## Extended Regular Expressions: Succinctness and Decidability

(Dominik D. Freydenberger)

### Abstract

Most modern implementations of regular expression engines allow the use of variables (also called backreferences). The resulting extended regular expressions (which, in the literature, are also called practical regular expressions, rewbr, or regex) are able to express non-regular languages.

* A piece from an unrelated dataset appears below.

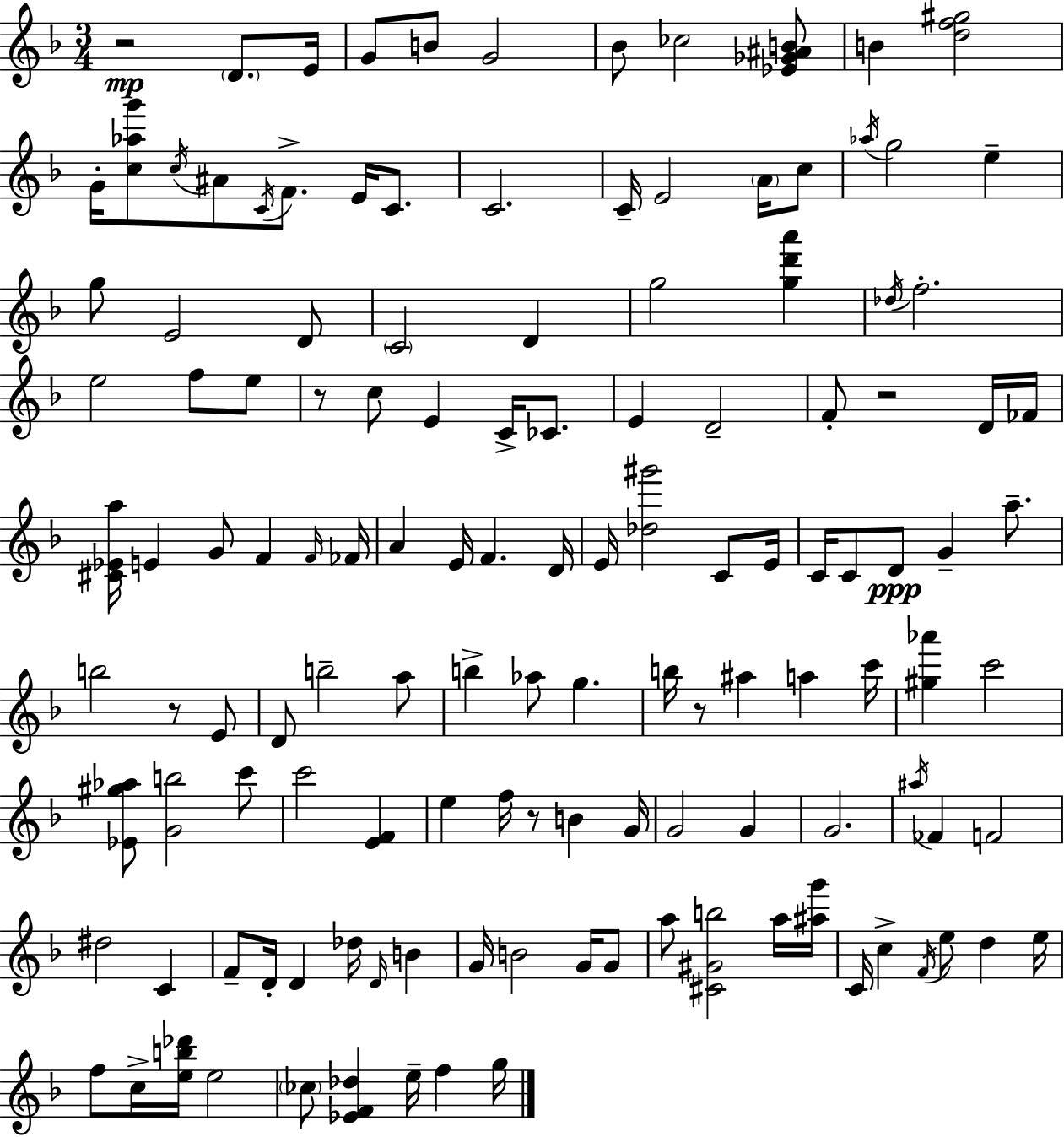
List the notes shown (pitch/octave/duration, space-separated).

R/h D4/e. E4/s G4/e B4/e G4/h Bb4/e CES5/h [Eb4,Gb4,A#4,B4]/e B4/q [D5,F5,G#5]/h G4/s [C5,Ab5,G6]/e C5/s A#4/e C4/s F4/e. E4/s C4/e. C4/h. C4/s E4/h A4/s C5/e Ab5/s G5/h E5/q G5/e E4/h D4/e C4/h D4/q G5/h [G5,D6,A6]/q Db5/s F5/h. E5/h F5/e E5/e R/e C5/e E4/q C4/s CES4/e. E4/q D4/h F4/e R/h D4/s FES4/s [C#4,Eb4,A5]/s E4/q G4/e F4/q F4/s FES4/s A4/q E4/s F4/q. D4/s E4/s [Db5,G#6]/h C4/e E4/s C4/s C4/e D4/e G4/q A5/e. B5/h R/e E4/e D4/e B5/h A5/e B5/q Ab5/e G5/q. B5/s R/e A#5/q A5/q C6/s [G#5,Ab6]/q C6/h [Eb4,G#5,Ab5]/e [G4,B5]/h C6/e C6/h [E4,F4]/q E5/q F5/s R/e B4/q G4/s G4/h G4/q G4/h. A#5/s FES4/q F4/h D#5/h C4/q F4/e D4/s D4/q Db5/s D4/s B4/q G4/s B4/h G4/s G4/e A5/e [C#4,G#4,B5]/h A5/s [A#5,G6]/s C4/s C5/q F4/s E5/e D5/q E5/s F5/e C5/s [E5,B5,Db6]/s E5/h CES5/e [Eb4,F4,Db5]/q E5/s F5/q G5/s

The present paper demonstrates that extended regular-expressions cannot be minimized effectively (neither with respect to length, nor number of variables), and that the tradeoff in size between extended and “classical” regular expressions is not bounded by any recursive function. In addition to this, we prove the undecidability of several decision problems (universality, regularity, and cofiniteness) for extended regular expressions. Furthermore, we show that all these results hold even if the ex- tended regular expressions contain only a single variable.

### Versions of the Paper

`^(((ba{`n-1`}b[ab]*)|(ba{`n+1`}[ab]*)|(a[ab]*)|([ab]*a)|([ab]*bb[ab]*)|(b)|([ab]*aab)|([ab]*b(aa)*ab(aaaaaa)*(()|(a|aa|aaa|aaaaa))b[ab]*))|([ab]*b(?P<x>(a*))(((?P=x)b(?P=x)a)|((?P=x)ab(?P=x){6}aaaaa)|((?P=x)(aa)+b(?P=x)b)|((?P=x)(aa)+ab(?P=x){6}aaaab))[ab]*))\$`
By choosing a value for n (and replacing n-1 and n+1 appropriately), we obtain a regular expression that is equivalent to `^[ab]*\$` if and only if iterating the Collatz function on starting value n leads to the cycle 4, 2, 1. This is quite easy to see after reading both papers — but considering the length of those, I would be willing to provide a more detailed explanation, if someone asks nicely.